■ RECORDED DATA
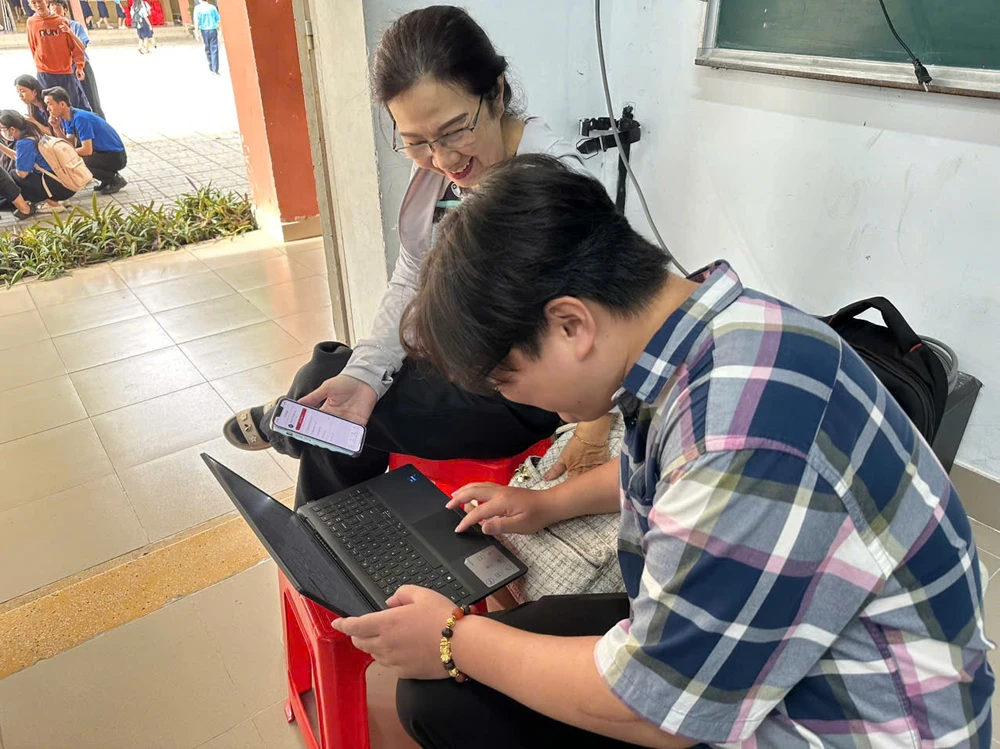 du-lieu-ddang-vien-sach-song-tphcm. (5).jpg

* * *

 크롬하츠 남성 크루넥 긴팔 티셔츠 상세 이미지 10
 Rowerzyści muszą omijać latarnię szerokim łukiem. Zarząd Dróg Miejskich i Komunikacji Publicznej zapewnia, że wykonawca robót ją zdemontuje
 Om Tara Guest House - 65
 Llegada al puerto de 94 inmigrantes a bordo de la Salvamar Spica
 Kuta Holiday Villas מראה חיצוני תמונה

---

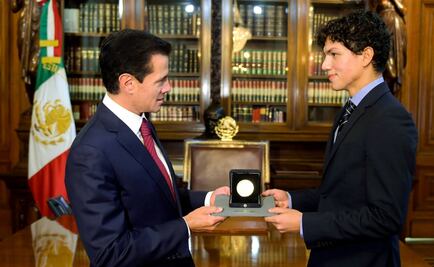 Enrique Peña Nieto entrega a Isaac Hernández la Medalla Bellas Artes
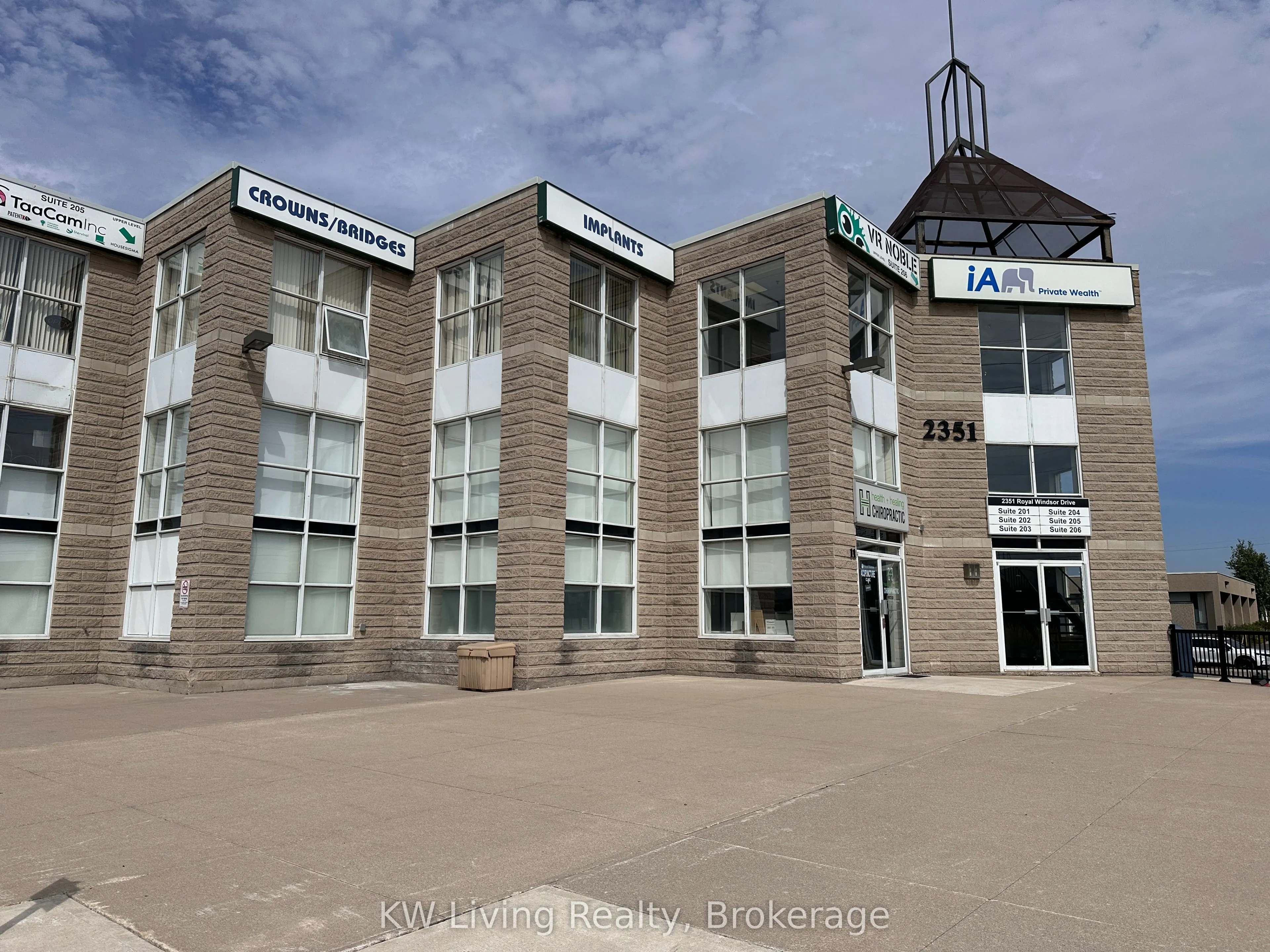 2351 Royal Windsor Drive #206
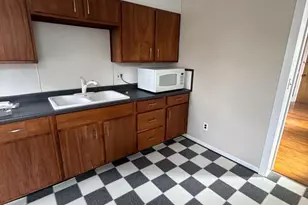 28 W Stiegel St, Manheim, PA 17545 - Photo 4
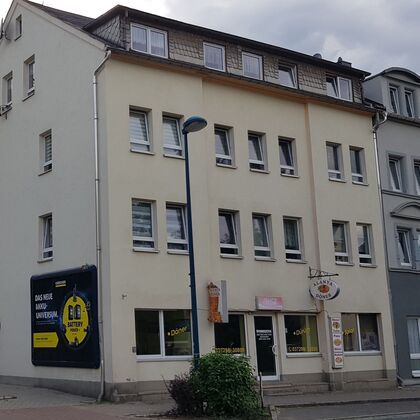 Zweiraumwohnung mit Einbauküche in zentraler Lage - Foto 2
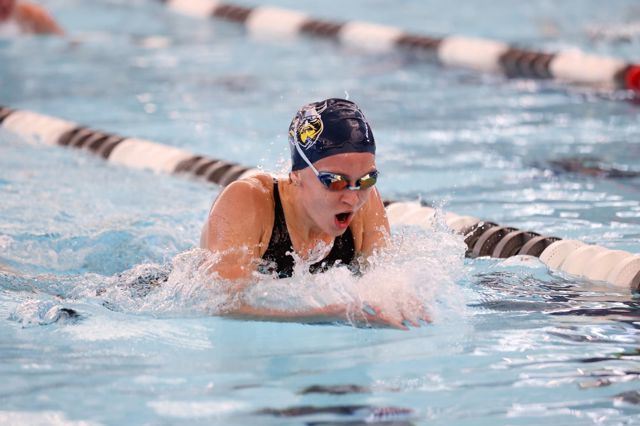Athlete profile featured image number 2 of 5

■ WHAT TO DO
In the records above, find the line with "Zweiraumwohnung mit Einbauküche" and the line with "Athlete profile featured image number 2 of 5". Write out exactly those lines and every one between, with no pictures and no other lines.

■ TASK OUTPUT
 Zweiraumwohnung mit Einbauküche in zentraler Lage - Foto 2
Athlete profile featured image number 2 of 5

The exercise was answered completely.